To check the current size and location of journals, run the following command and specify the desired disk:
# vinfra node disk show <DISK>
For example:
# vinfra node disk show sdc
The command output will be similar to this:
| service_params | journal_data_size: 270532608 | | journal_disk_id: 5EE99654-4D5E-4E00-8AF6-7E83244C5E6B | | journal_path: /vstorage/94aebe68/journal/journal-cs-b8efe751-96a6ff460b80 | | journal_type: inner_cache
The journal size and location will be reported as highlighted in this example.
RAM and swap usage
Though the system may operate at nearly 100 percent RAM consumption, it should not aggressively swap virtual memory to and from a disk.
You can check the state of the swap space by running:
# free -hm total used free shared buff/cache available Mem: 7,7G 2,2G 498M 3,7G 5,0G 1,5G Swap: 3,9G 352M 3,6G
In the command output, the Swap
row shows the current swap space size. If the reported size is zero, it means swapping is disabled, which may be done intentionally in some configurations.
You can also check the use of swap space by running:
# vmstat 1 procs -----------memory---------- ---swap-- -----io---- --system-- -----cpu------ r b swpd free buff cache si so bi bo in cs us sy id wa st 3 1 244208 10312 1552 62636 4 23 98 249 44 304 28 3 68 1 0 0 2 244920 6852 1844 67284 0 544 5248 544 236 1655 4 6 0 90 0 1 2 256556 7468 1892 69356 0 3404 6048 3448 290 2604 5 12 0 83 0 0 2 263832 8416 1952 71028 0 3788 2792 3788 140 2926 12 14 0 74 0 0 3 274492 7704 1964 73064 0 4444 2812 5840 295 4201 8 22 0 69 0
In the command output, the si
and so
columns show the amount of memory swapped from and to a disk, in KB/s. Swap usage may be considered acceptable as long as it well below the device maximum throughput, that is, it does not interfere with the device performance.
S3 service performance
S3 load balancing
We recommend using load balancing at all times. The only scenario that does not benefit from load balancing is when there is a single client. For recommendations on setting up load balancing, refer to the Administrator Guide.
S3 gateways
By default, the S3 service runs with four S3 gateways per node. However, you can increase the number of S3 gateways to improve the overall performance if you notice the following signs:
- The CPU usage of the S3 gateway is near 100 percent.

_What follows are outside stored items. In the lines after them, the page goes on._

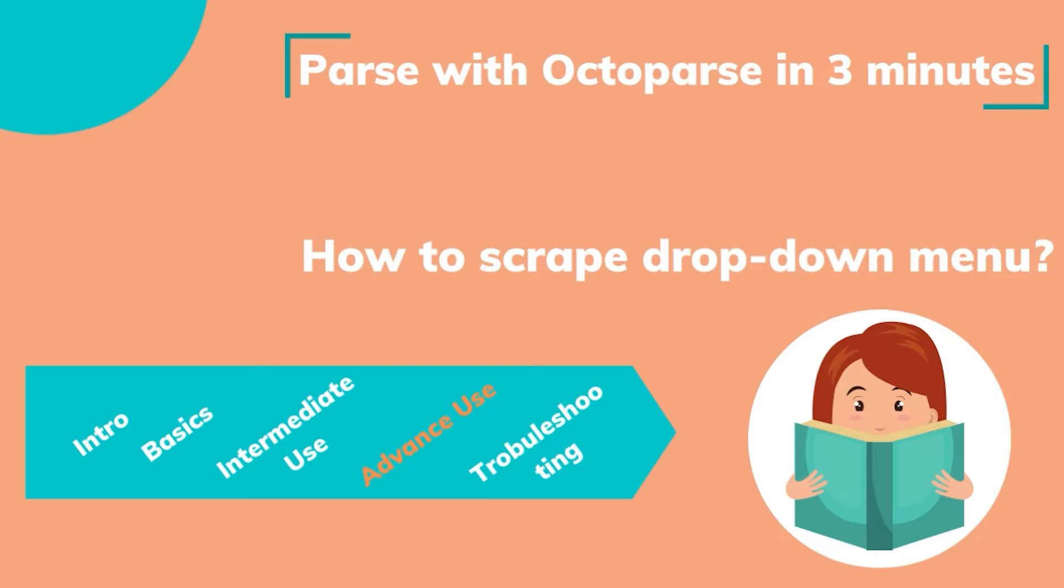Hello everyone, welcome to the training sessions. Parse with Octoparse in 3 minutes. In this tutorial, we will walk you through how to scrape drop down menu.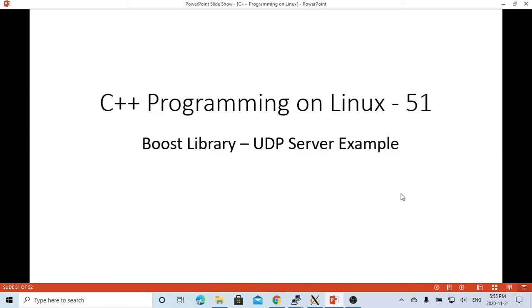Hello, this is Hui. Welcome to watch my video C++ programming Linux. In this short video, we are going to discuss the boost libraries.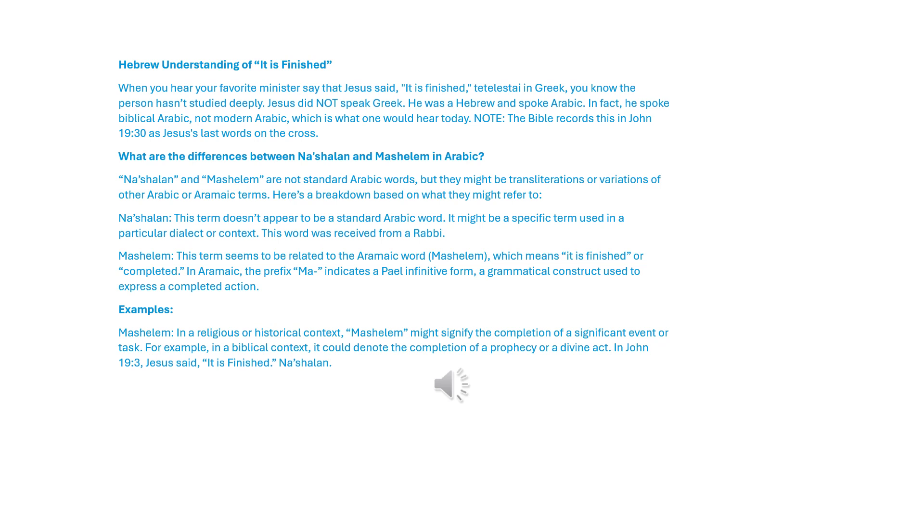What are the differences between Nashalan and Mashalim in Arabic? Mashalim and Nashalan are not standard Arabic words, but they might be transliterations or variations of other Arabic or Aramaic terms. Here's a breakdown based on what they might refer to. Nashalan: this term doesn't appear to be a standard Arabic word. It might be a specific term used in a particular dialect or context. This word was received from a rabbi.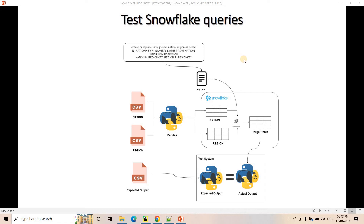Hello friends, welcome to our channel Knowledge Amplifier. Today in this particular video, let us try to understand how we can test Snowflake queries. For this, we are going to follow the Python-based approach, and this particular approach is followed in many data engineering pipelines by many companies.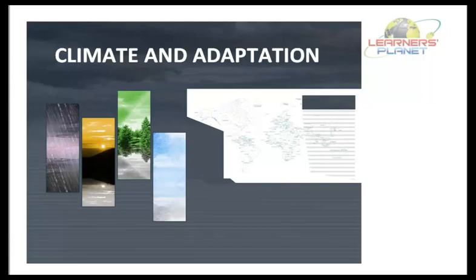Hi students, welcome to session 3 of Climate and Adaptation. We are done with the introduction to weather and climate, and we are through with the factors that affect the climate of the earth. In the previous session we discussed about the climate of earth as a whole and the factors affecting it, like the distance from the sun and earth's tilt, and we also discussed about sunrise and sunset.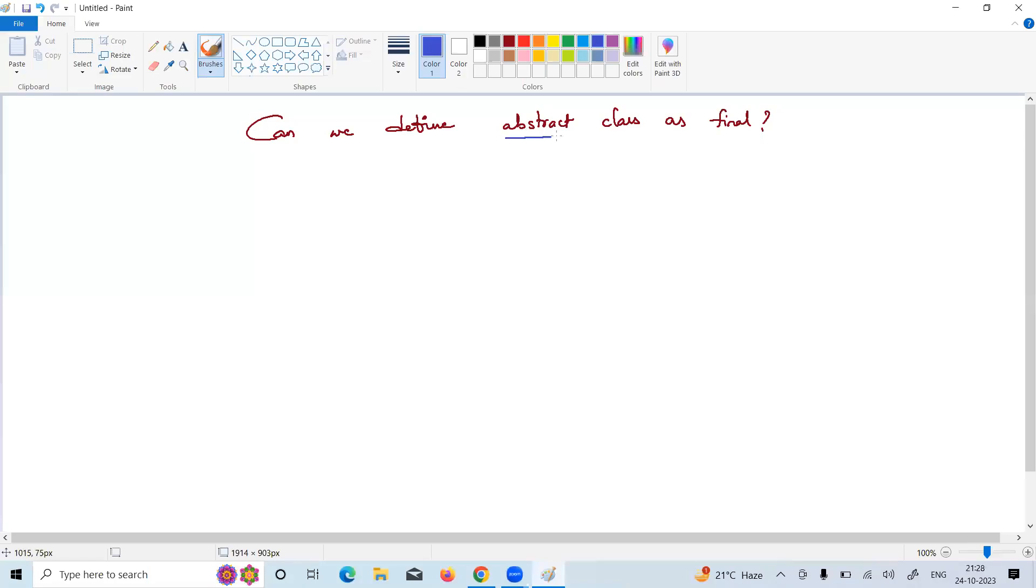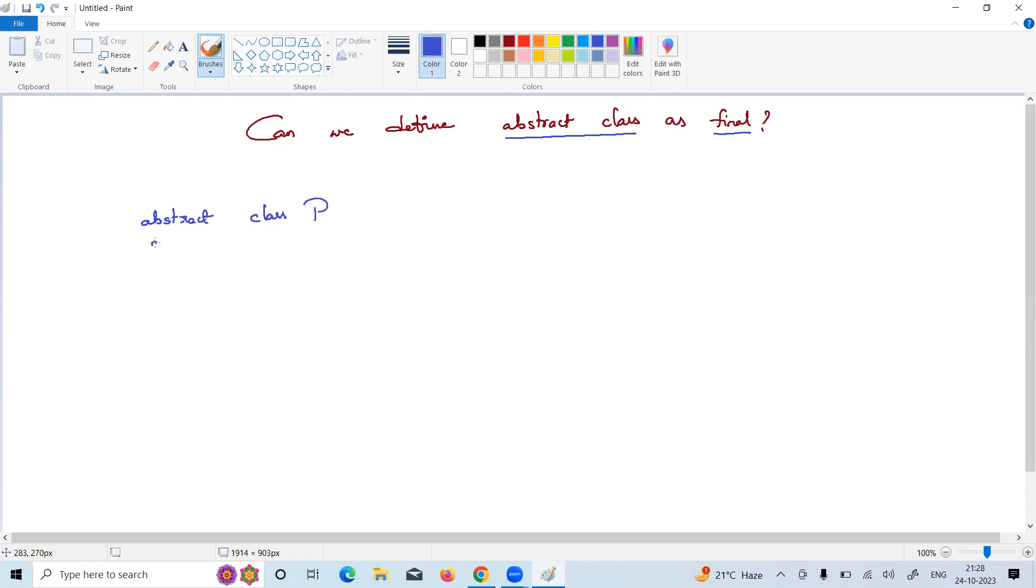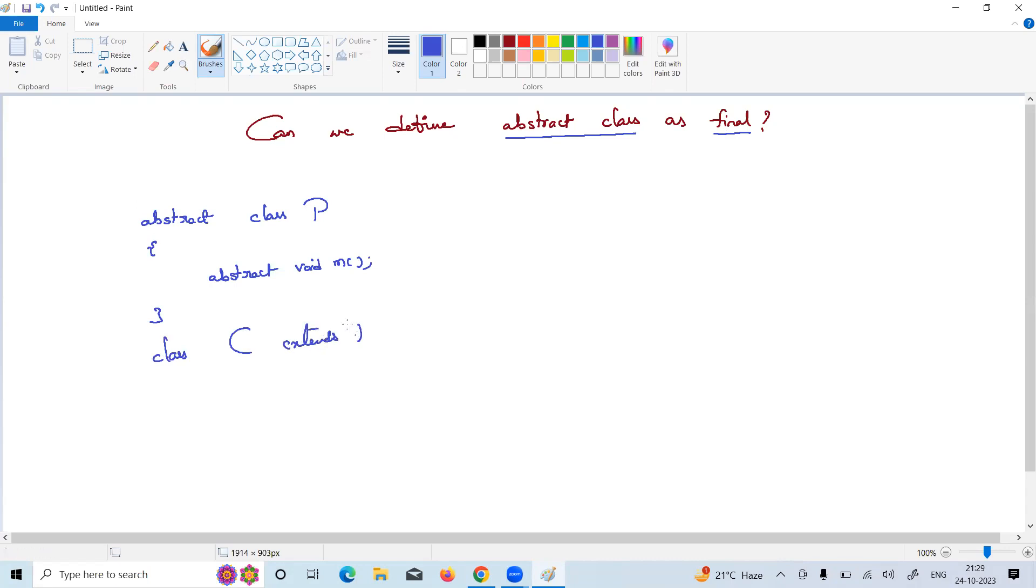Can we define an abstract class as final? If a class is abstract, it contains abstract methods. All these abstract methods need to be overridden in the child class. Every abstract class needs extension.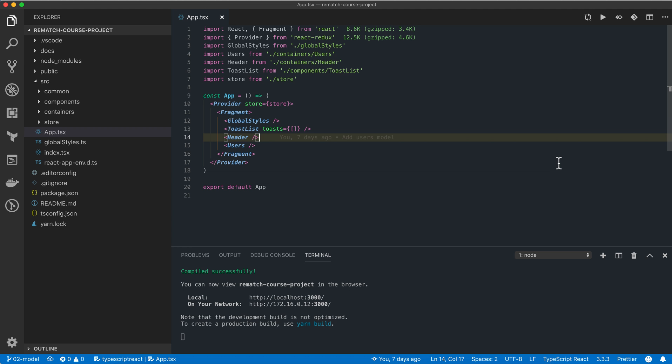In the last part we created our first model and connected user list to the store. Today we're going to explore how we can work with side effects in rematch and load users from an actual API.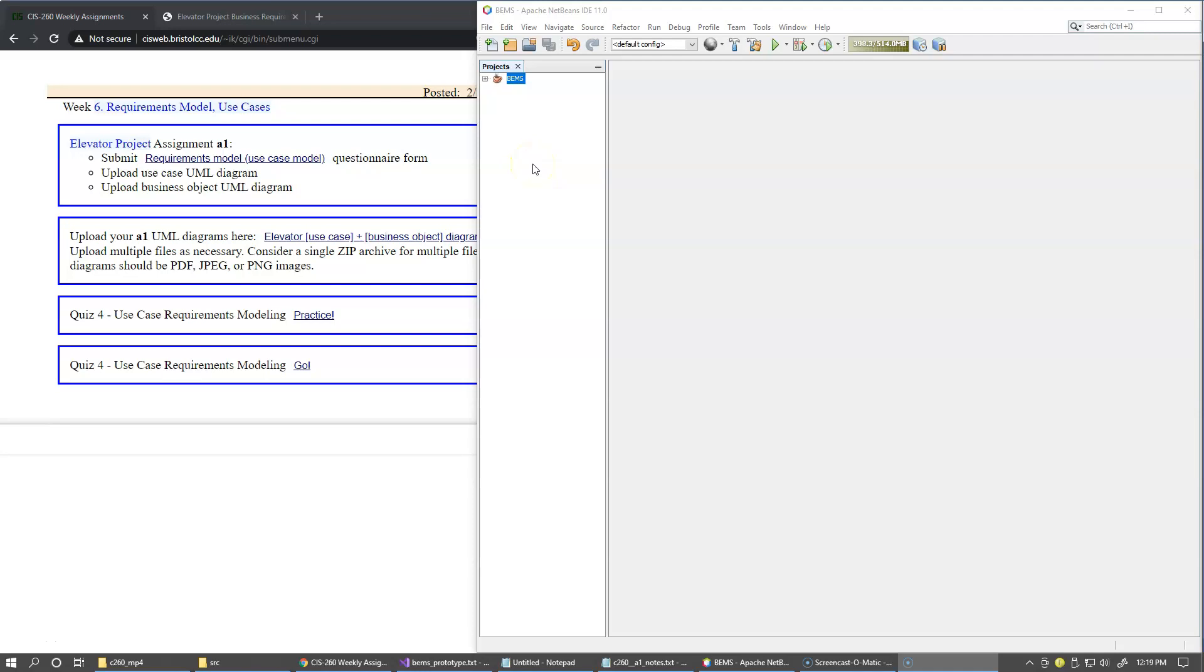It is not uncommon to build a functional prototype of the system you're trying to design in order to test and proof the technology, the concepts, and validate all of it with your customers to make sure that you're moving in the right direction.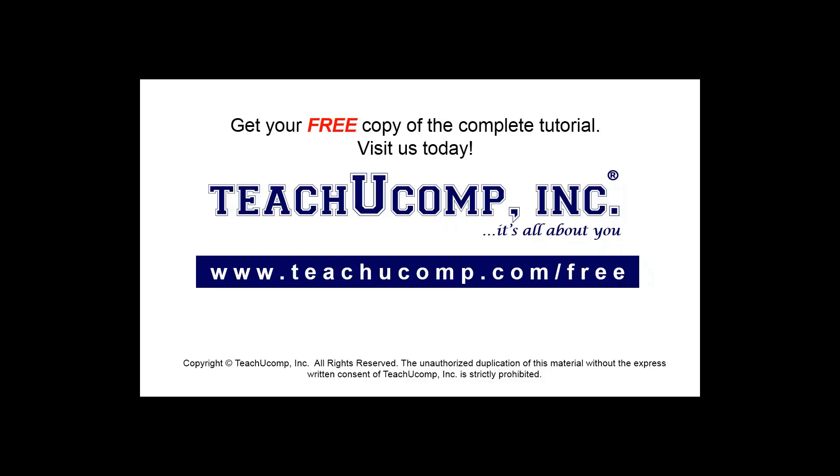Get your free copy of the complete tutorial at www.teachucomp.com forward slash free.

- The latency of the S3 service is very high (for example, the average latency of more than two seconds).
You can change the number of S3 gateways per node by using one of the following commands:
-
To set the number of S3 gateways on all nodes in the S3 cluster:
vinfra service s3 cluster change --s3gw-count <count>
--s3gw-count <count>
- Number of S3 gateways per node
For example, to increase the number of S3 gateways per node to 5, run:
# vinfra service s3 cluster change --s3gw-count 5
-
To set the number of S3 gateways on a particular S3 node:
vinfra service s3 node change --nodes <node_id> --s3gw-count <count>
--nodes <node_id>
- A comma-separated list of node hostnames or IDs
--s3gw-count <count>
- Number of S3 gateways
For example, to reduce the number of S3 gateways on the node
node003
to 3, run:# vinfra service s3 node change --nodes node003 --s3gw-count 3
When removing a gateway, keep in mind that all ongoing connections to this gateway will be dropped and all ongoing operations may result in a connection error on the client side.